07Is YSG or SKIN better for a retirement portfolio?
For long-horizon retirement investors, Yatsen Holding Limited (YSG) is the stronger choice — it scores higher on the combination of lower volatility, dividend reliability, and long-term compounding.
The Beauty Health Company (SKIN) carries a higher beta of 2. 00 — meaning larger drawdowns in market downturns, which matters significantly when you cannot wait years for a recovery. Both have compounded well over 10 years (YSG: -96. 8%, SKIN: -91. 6%), confirming both are viable long-term holds — but the lower-volatility option typically results in less emotional selling during corrections. Retirement portfolios generally favour predictability over maximum returns. Consult a financial advisor before making allocation decisions.
08What are the main differences between YSG and SKIN?

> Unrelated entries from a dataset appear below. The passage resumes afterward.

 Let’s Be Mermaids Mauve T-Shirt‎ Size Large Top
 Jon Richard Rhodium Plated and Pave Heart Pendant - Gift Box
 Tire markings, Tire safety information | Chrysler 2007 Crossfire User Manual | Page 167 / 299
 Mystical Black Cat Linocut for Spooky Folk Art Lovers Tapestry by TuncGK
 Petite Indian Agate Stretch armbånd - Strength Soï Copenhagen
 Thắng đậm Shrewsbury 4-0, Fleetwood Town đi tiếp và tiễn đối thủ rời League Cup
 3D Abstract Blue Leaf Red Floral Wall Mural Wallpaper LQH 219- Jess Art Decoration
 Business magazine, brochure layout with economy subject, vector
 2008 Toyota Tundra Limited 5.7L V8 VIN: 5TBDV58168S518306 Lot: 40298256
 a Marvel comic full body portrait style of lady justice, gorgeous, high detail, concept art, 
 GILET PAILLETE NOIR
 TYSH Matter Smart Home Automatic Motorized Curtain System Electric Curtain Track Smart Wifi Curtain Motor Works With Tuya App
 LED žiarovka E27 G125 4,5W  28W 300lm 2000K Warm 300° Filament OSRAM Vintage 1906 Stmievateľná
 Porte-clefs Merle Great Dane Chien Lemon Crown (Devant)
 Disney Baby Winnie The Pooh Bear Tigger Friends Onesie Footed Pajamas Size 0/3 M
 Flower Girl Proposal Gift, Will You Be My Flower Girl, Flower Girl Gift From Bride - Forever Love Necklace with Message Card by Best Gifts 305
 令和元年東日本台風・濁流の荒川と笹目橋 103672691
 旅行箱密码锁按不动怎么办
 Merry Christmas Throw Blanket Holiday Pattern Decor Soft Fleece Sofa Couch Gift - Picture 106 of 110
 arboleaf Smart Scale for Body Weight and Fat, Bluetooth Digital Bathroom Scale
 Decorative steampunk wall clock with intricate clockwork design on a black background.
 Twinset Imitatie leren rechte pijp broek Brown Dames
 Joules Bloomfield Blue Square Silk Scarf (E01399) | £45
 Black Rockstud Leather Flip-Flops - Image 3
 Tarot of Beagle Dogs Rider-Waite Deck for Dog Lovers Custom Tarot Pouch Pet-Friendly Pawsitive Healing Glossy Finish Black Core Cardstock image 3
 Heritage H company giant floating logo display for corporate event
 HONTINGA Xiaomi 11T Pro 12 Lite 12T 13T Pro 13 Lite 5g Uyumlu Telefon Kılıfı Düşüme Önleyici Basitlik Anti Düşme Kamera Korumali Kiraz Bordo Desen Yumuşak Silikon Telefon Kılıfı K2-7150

These companies operate in different sectors (YSG (Consumer Cyclical) and SKIN (Consumer Defensive)), which means they face different economic cycles, regulatory environments, and macro sensitivities — making direct comparison nuanced.
These fundamental differences mean investors should not choose between them on a single metric — the "better stock" depends entirely on which of these characteristics aligns with your investment strategy.
Find Stocks Like These
Explore pre-built screens for each stock's profile, or build a custom screen to find stocks that outperform both.
You Might Also Compare
Based on how these companies actually compete and overlap — not just which sector they're filed under.